*Exercise directions*: Each line from the one with "Photo of Christi VanKerckhove" through the end of the records below should be transcribed exactly, and each picture should be skipped.

*Record excerpts*:
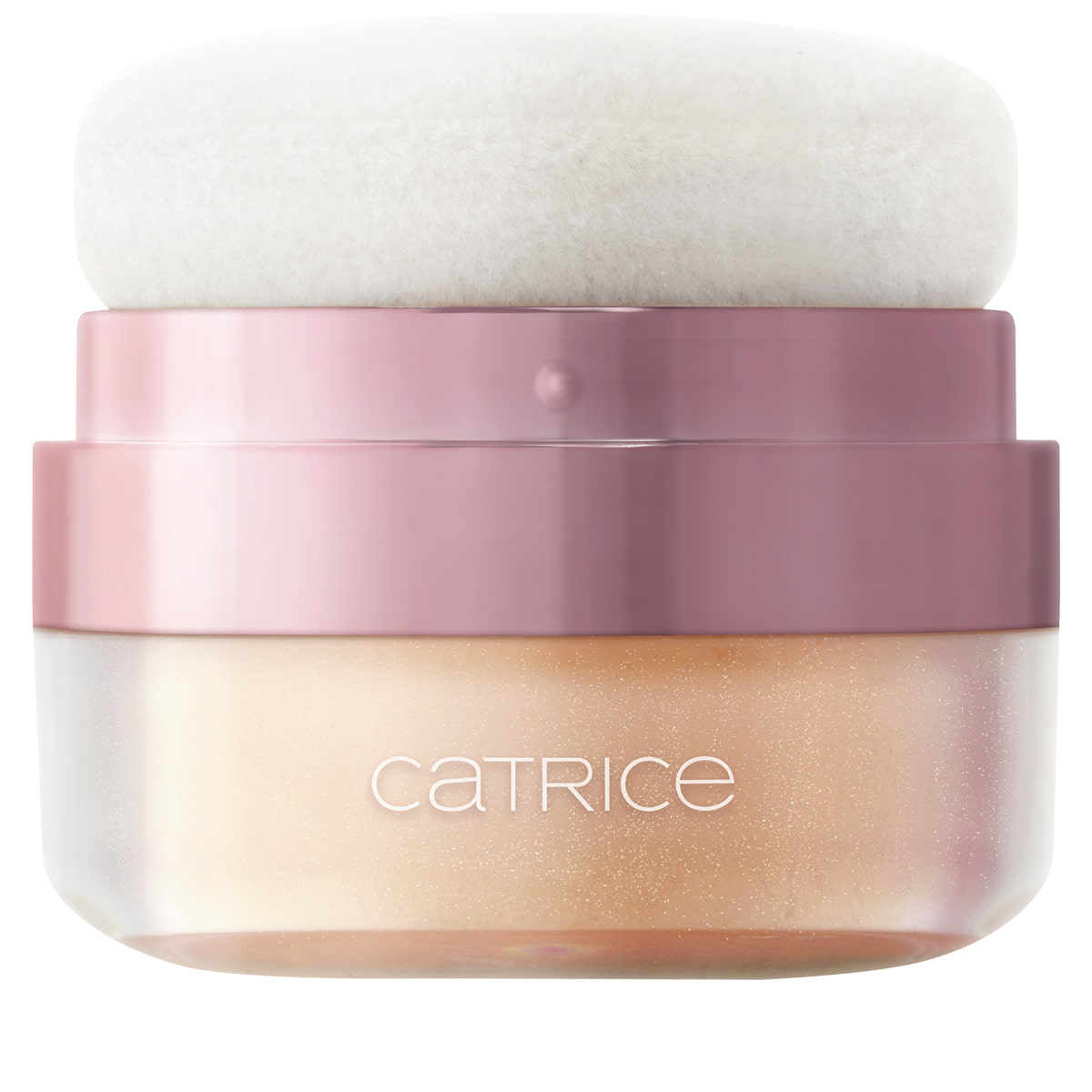 Glitter Dream Cushion - C01 Champagne Showers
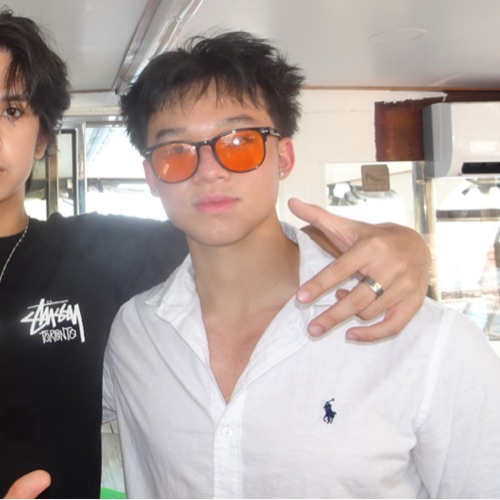 Ethan Lau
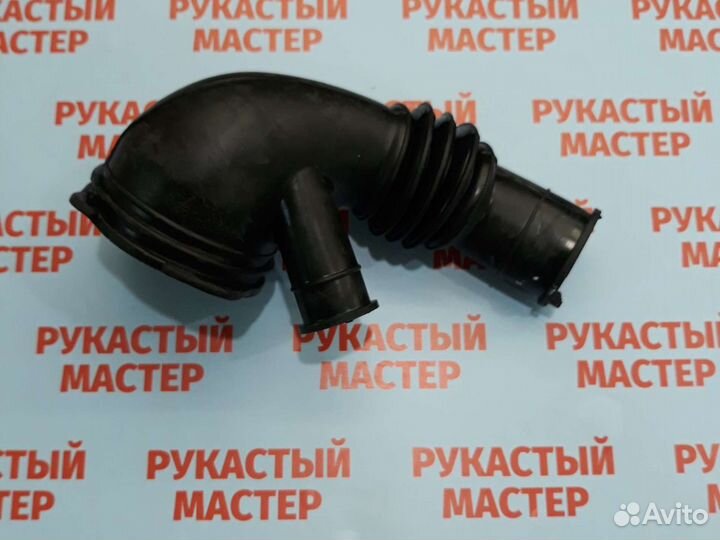 Патрубок бак-насос, оригинал Samsung DC67-00335A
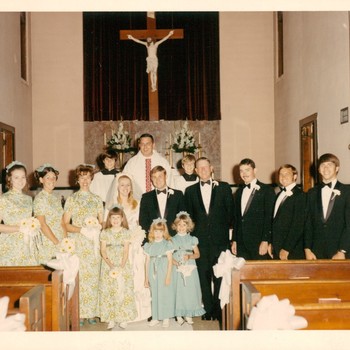 Photo of Christi VanKerckhove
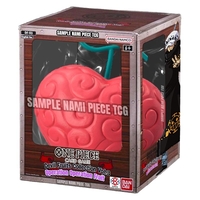 PRE-ORDER: One Piece Card Game - Devil Fruits Collection Vol.3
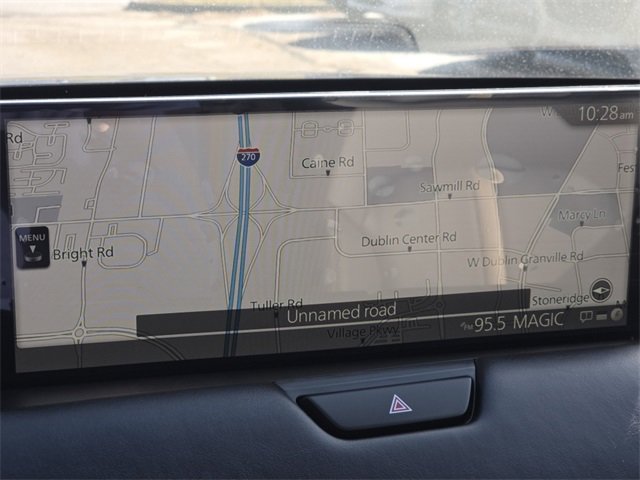 New 2026 MAZDA CX-70 3.3 Turbo S w/ Premium Package image 4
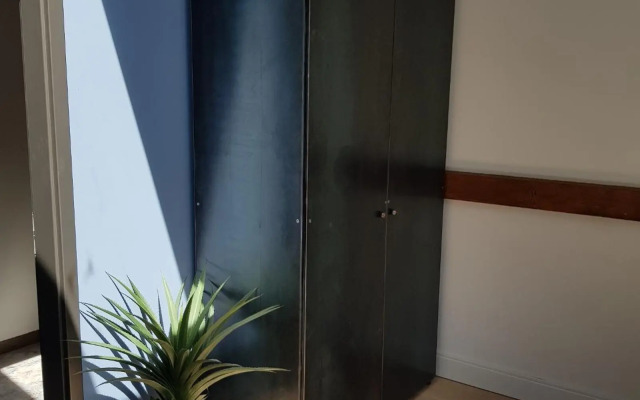 Penthouse am Alten Zeughaus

*Solved problem*:
 Photo of Christi VanKerckhove
 PRE-ORDER: One Piece Card Game - Devil Fruits Collection Vol.3
 New 2026 MAZDA CX-70 3.3 Turbo S w/ Premium Package image 4
 Penthouse am Alten Zeughaus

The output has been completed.